Filosofia
L’amante offeso è un modello etico di straordinaria potenza
“All’amante offeso e messo da parte balena d’improvviso una verità, cruda e abbagliante, come quando acuti dolori illuminano l’interno del corpo. Egli riconosce che nell’intimo dell’amore accecato – che non ne sa nulla e nulla potrebbe saperne – vive l’esigenza della liberazione da ogni accecamento. Egli ha subito un torto; e di qui deduce l’esigenza del diritto, che – nello stesso tempo – è costretto a respingere, poiché ciò che desidera non può nascere che dalla libertà. In tale angustia il respinto diventa uomo. Come l’amore tradisce – senza possibilità di riscatto – l’universale per il particolare, in cui solo torna amore al primo, così l’universale – come autonomia del prossimo – gli si rivolta contro. Proprio il diniego, in cui si è affermato l’universale, appare all’individuo come esclusione dall’universale; chi ha perso l’amore si sa abbandonato da tutti, e per questo sprezza ogni conforto. Nell’assurdità del rifiuto egli comincia a rendersi conto della non – verità di ogni realizzazione puramente individuale. Ma con questo egli si ridesta alla paradossale coscienza dell’universale: dell’inalienabile e incontestabile diritto dell’uomo, di essere amato da colei che ama. Con la sua richiesta di esaudimento, che non è fondata su nessun titolo e su nessuna pretesa, egli fa appello ad un istanza sconosciuta, che gli promette – per pura grazia – ciò che insieme gli spetta e non gli spetta. Il segreto della giustizia nell’amore è il superamento del diritto, a cui l’amore allude col suo muto gesto. «Sempre sciocco, ingannato, soverchiato, – così, sempre, dev’essere l’amore»”.

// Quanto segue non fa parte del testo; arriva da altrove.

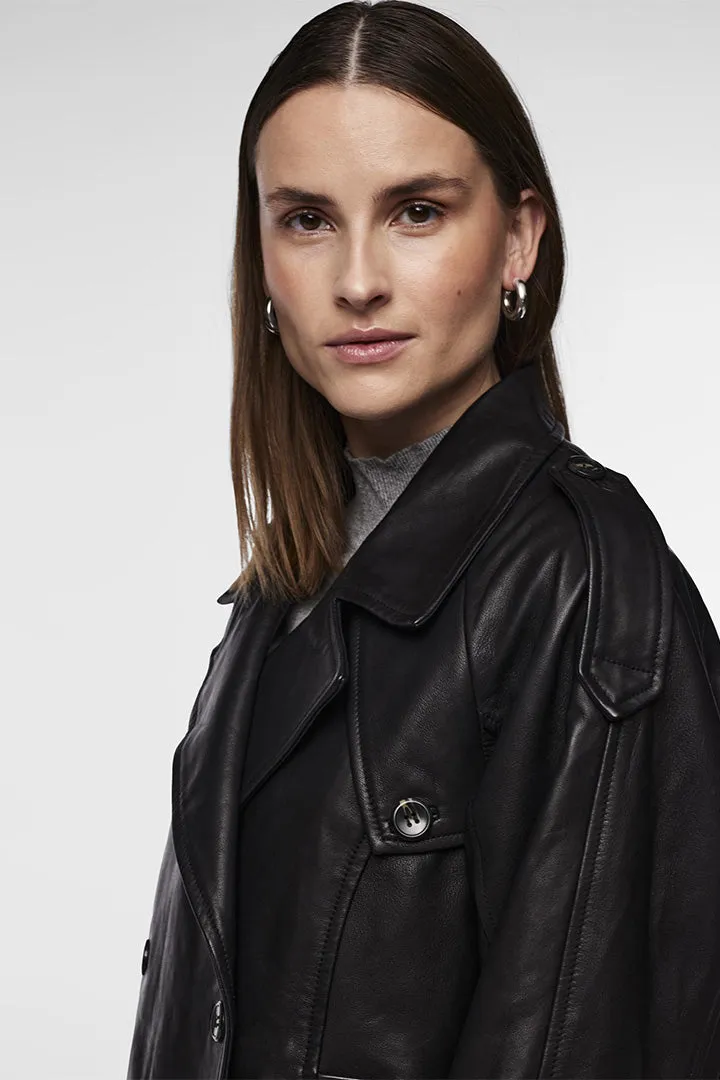 Jules Leather Trench Coat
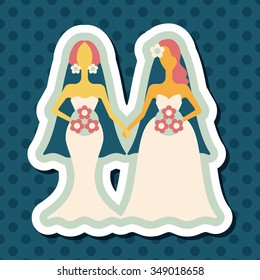 wedding couple flat icon with long shadow,eps10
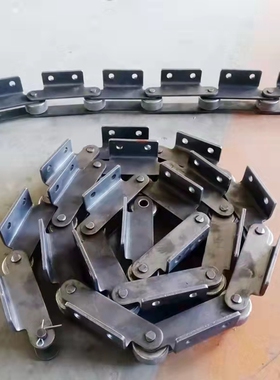 节距10a0弯板链条工业碳钢输送链条打包机76.2单双侧弯板传动链条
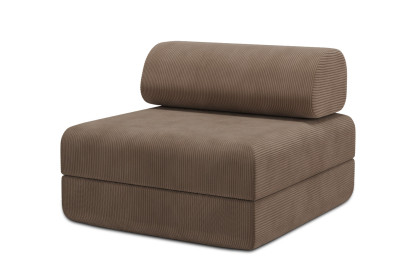 Fauteuil convertible et modulable, mousse écologique et assise ferme - Velours côtelé Taupe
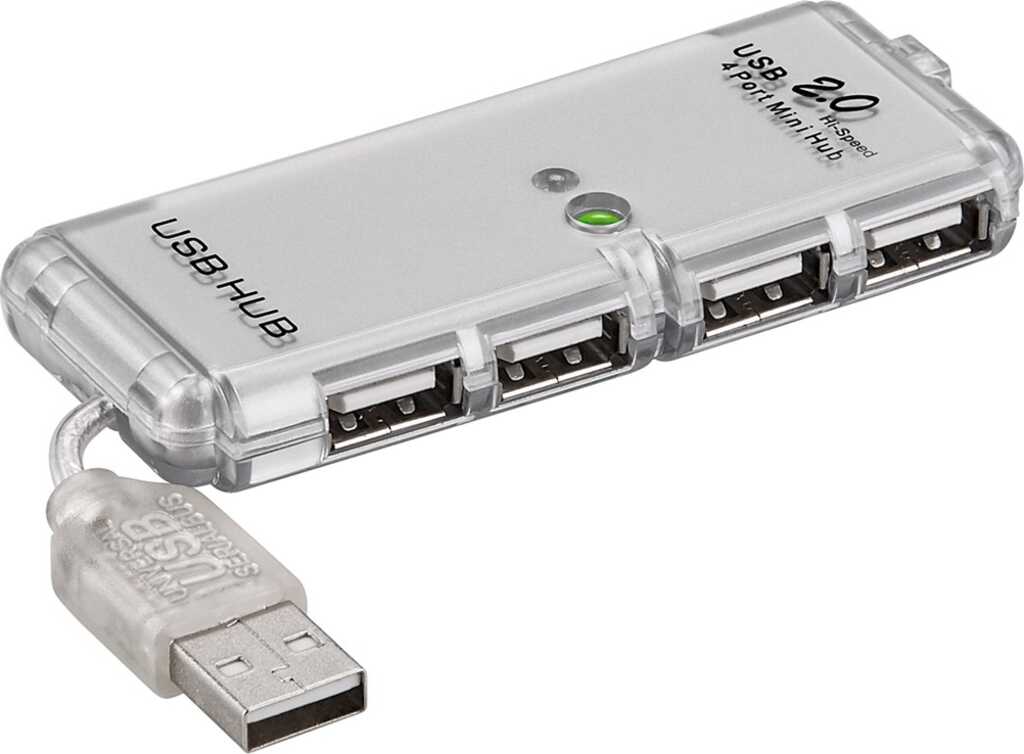 goobay USB 2.0  4-Port Hub silber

(Minima Moralia. Meditazioni sulla vita offesa, aforisma n. 104)
L’amante offeso si sente abbandonato, sperduto e con il desiderio di rivendicare il diritto ad essere ri-amato. Ma l’amore è un dono che può nascere solo dalla libertà. Così l’amante rimane in tensione fra l’esigenza di rivendicare questo diritto e la costrizione a respingere qualsiasi pretesa. É obbligato a ritrarsi.
La cecità dalla quale l’amante ferito chiede di essere liberato è qualcosa d’intrinseco alla relazione, della quale non possiamo mai avere piena consapevolezza. Ma è proprio quest’oscurità nei confronti dell’altro e in primis di noi stessi che ci permette di offrirci, di essere vulnerabili.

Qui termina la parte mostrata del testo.